(Collection entries)
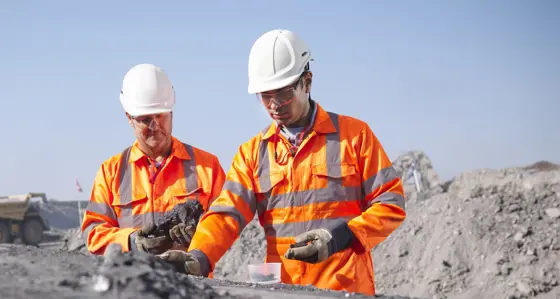 workers on a mine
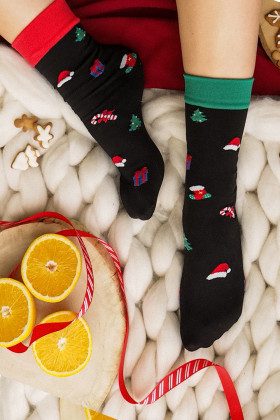 Шкарпетки з новорічним принтом Gabriella Christmas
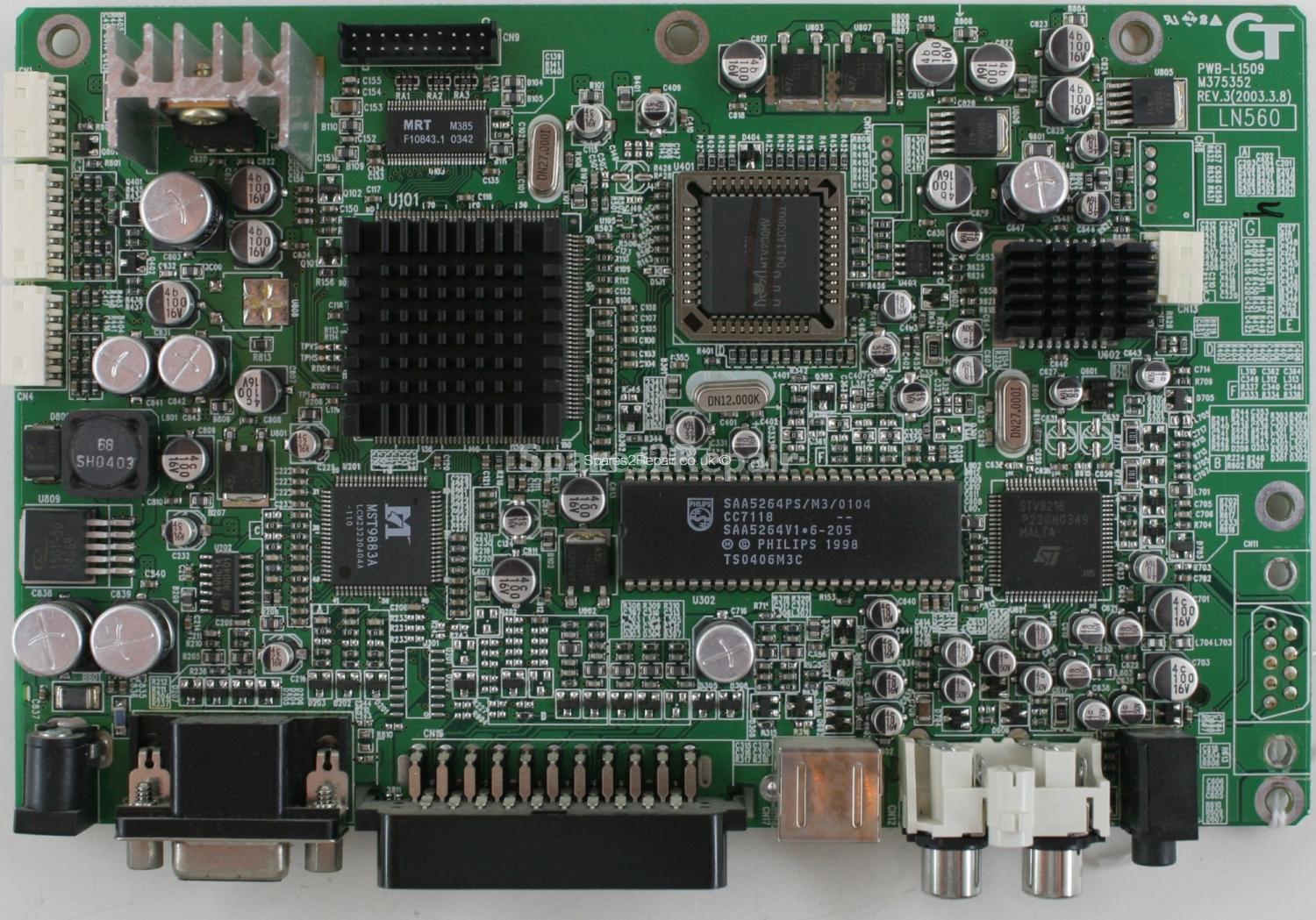 Logik LCX14LN1 - Main AV - PWB-L1509 - M375352 - Rev.3 - LN560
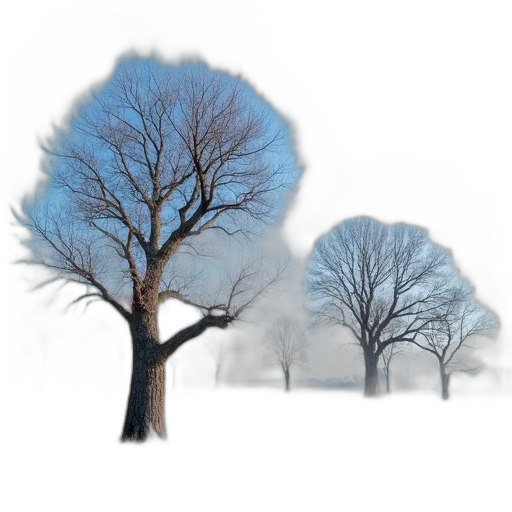 tree, crown, umbrella, hat, photorealistic, 3d render, concept art, fantasy art transparent PNG cut-out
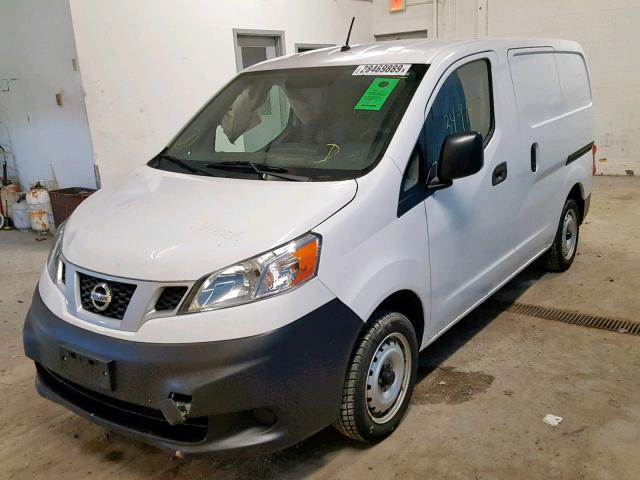 3N6CM0KN4HK715052 - 2017 NISSAN NV200 2.5S WHITE photo 2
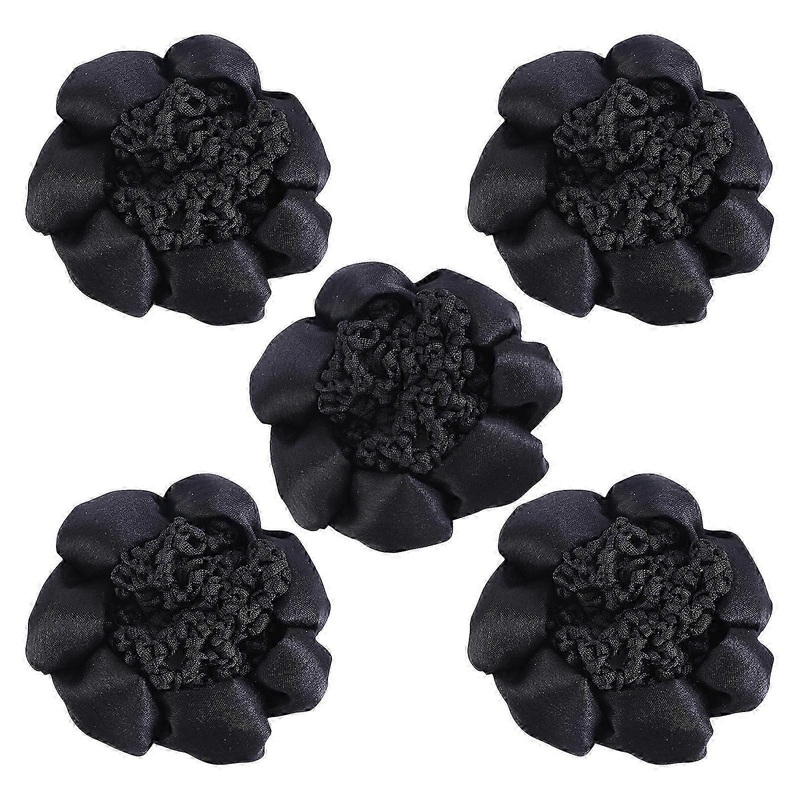 Hair Net For Round Hair Satin Lace Hair Net For Dancers Hair Net For Bank Staff And Nurses 5pc-Good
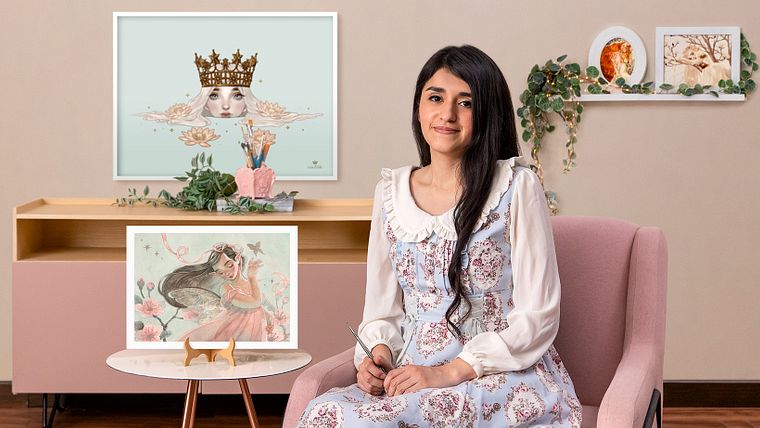Ilustrowanie bajek akwarelami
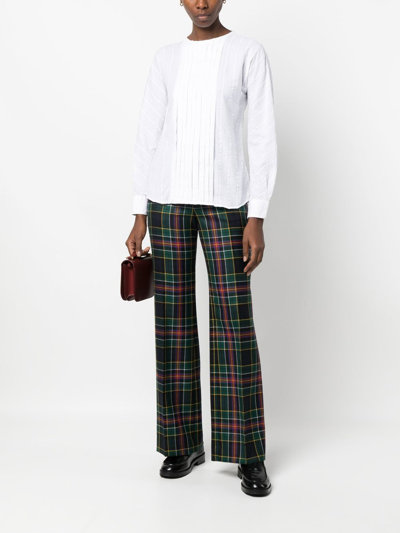 Pre-owned Giorgio Armani 1970s Pleated Button-up Shirt In White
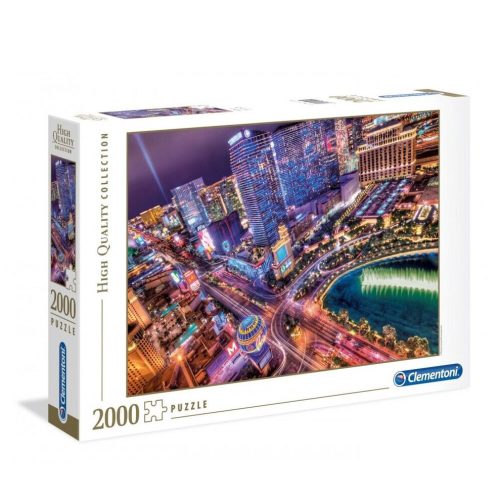 Las Vegas Night 2000 db-os puzzle Clementoni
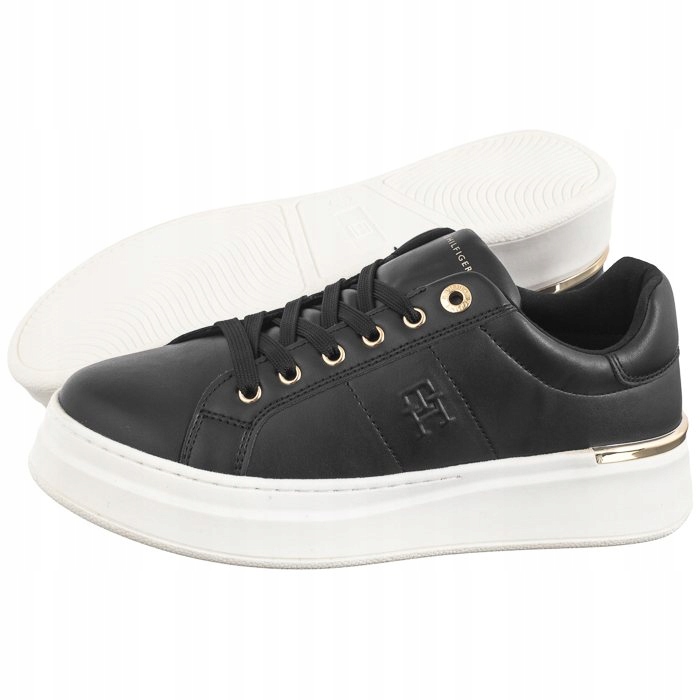 Dámské tenisky Tommy Hilfiger Low Cut Lace-Up Black Černé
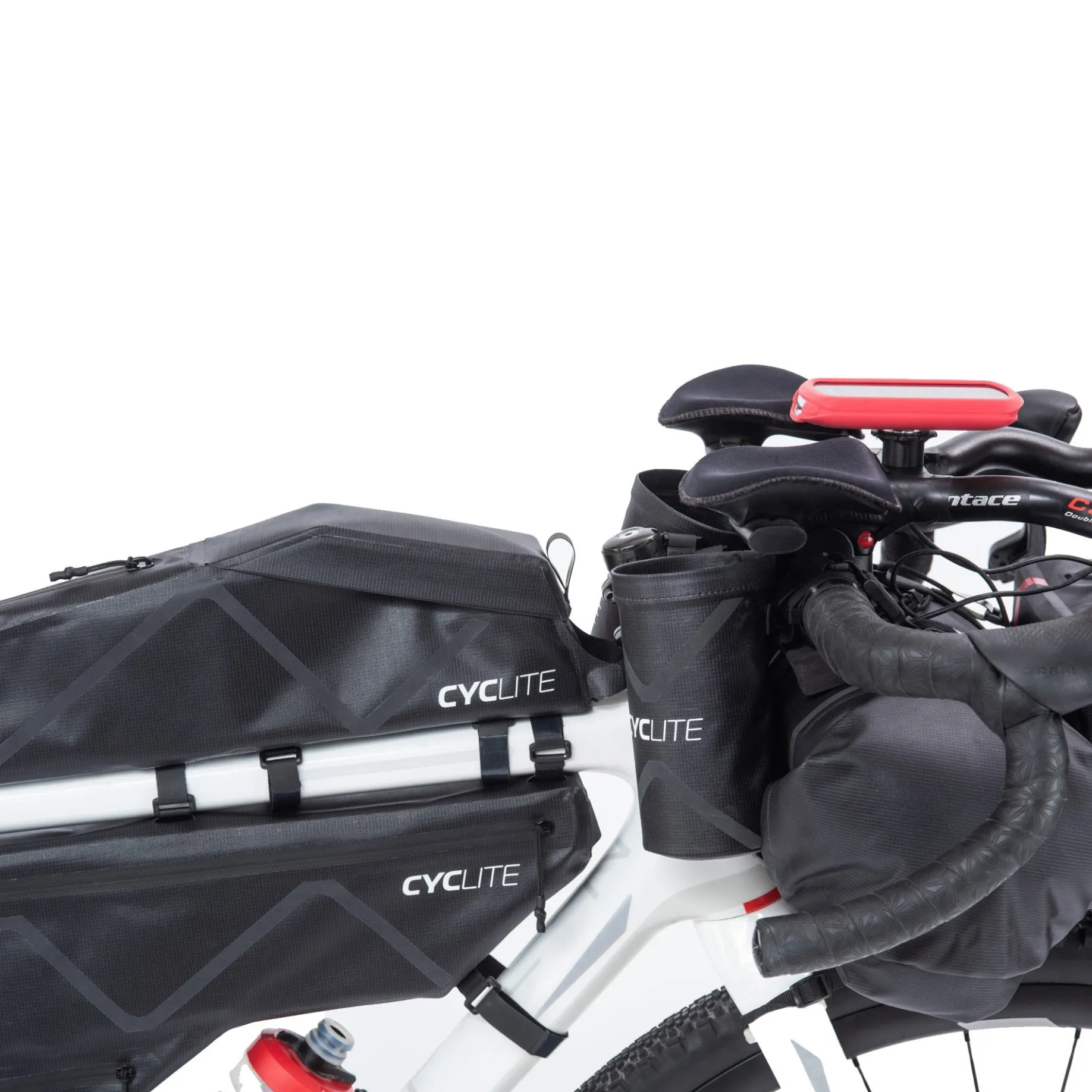 CYCLITE Frame Bag Large 3.6 - Rahmentasche (Bikepacking) 44 cm (black)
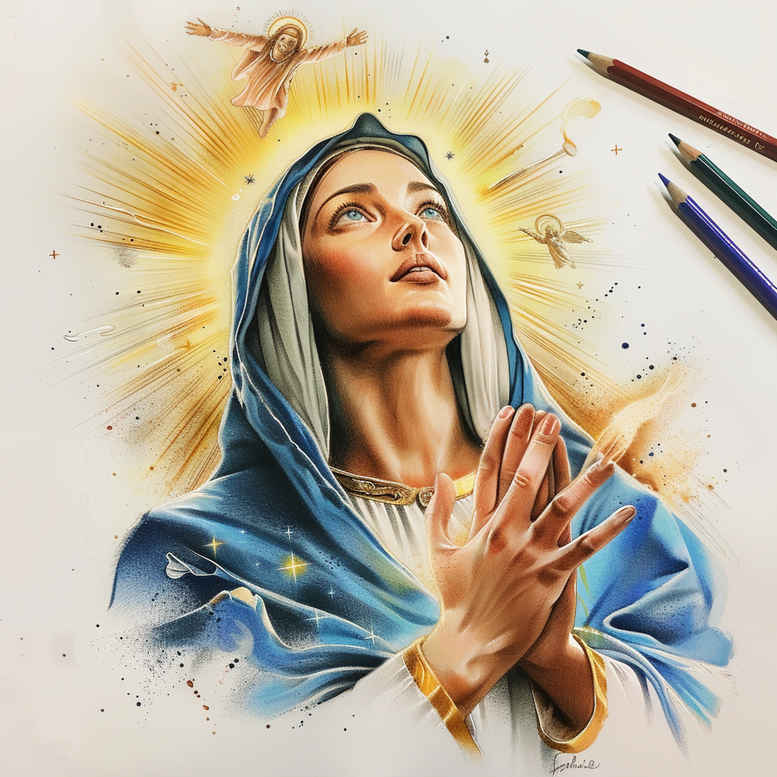 mystical-mary – tattoo design ideas free ai generated – clean-whites – for-foot – Gallery: mary-inkby-ai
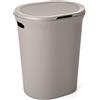 Tatay Cesto Biancheria Sporca Baobab, 40L dI Capacità, Polipropilene, Senza BPA, con Coperchio, Tortora, Dimensione: 41 x 33 x 50 cm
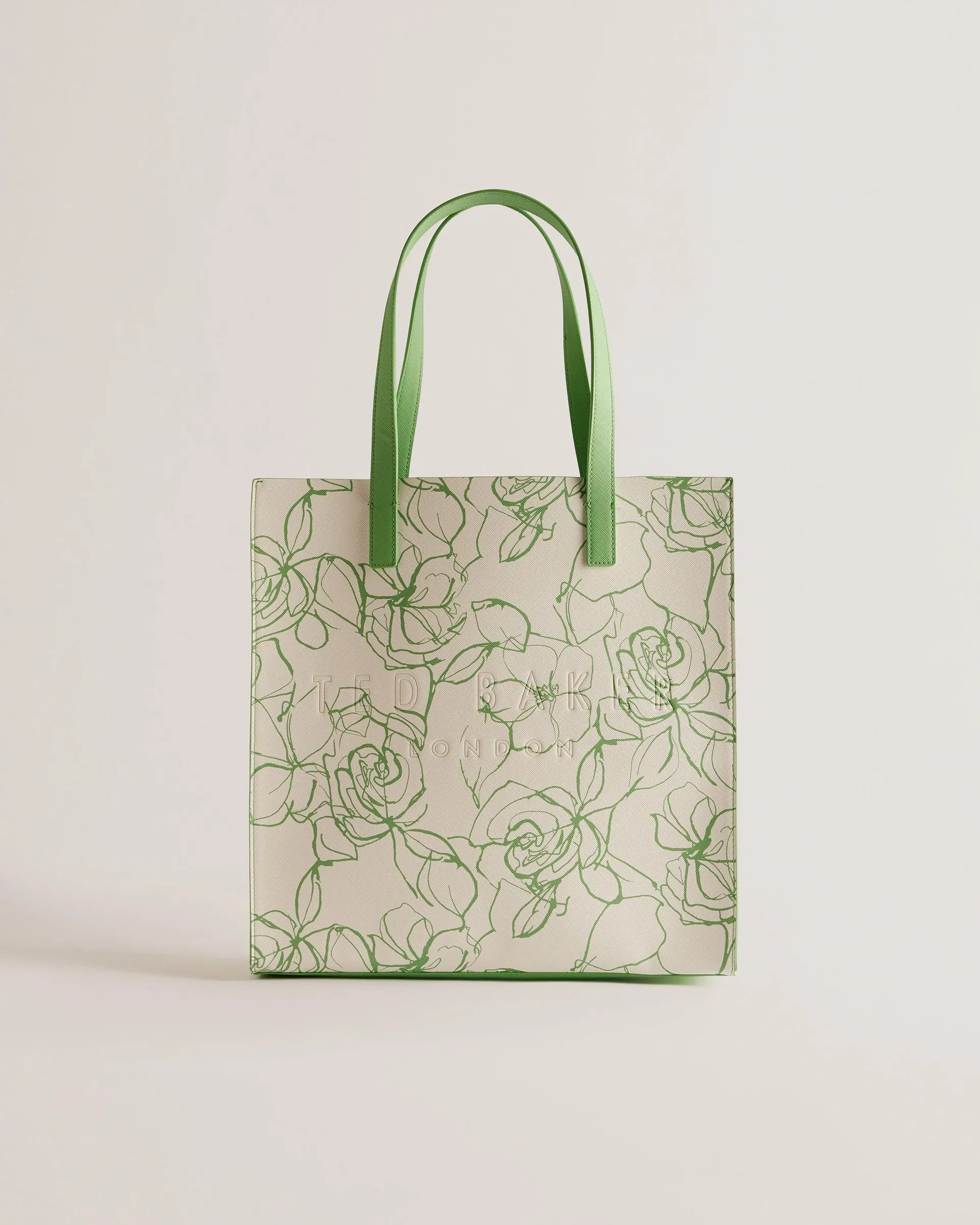 Linicon Linear Floral Medium Icon Bag Cream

* What is needed: Taking the records above, print only and exactly the lines from the line with "Logik LCX14LN1 - Main" to the line with "3N6CM0KN4HK715052 - 2017", both kept, and exclude pictures.

* Exercise answer:
 Logik LCX14LN1 - Main AV - PWB-L1509 - M375352 - Rev.3 - LN560
 tree, crown, umbrella, hat, photorealistic, 3d render, concept art, fantasy art transparent PNG cut-out
 3N6CM0KN4HK715052 - 2017 NISSAN NV200 2.5S WHITE photo 2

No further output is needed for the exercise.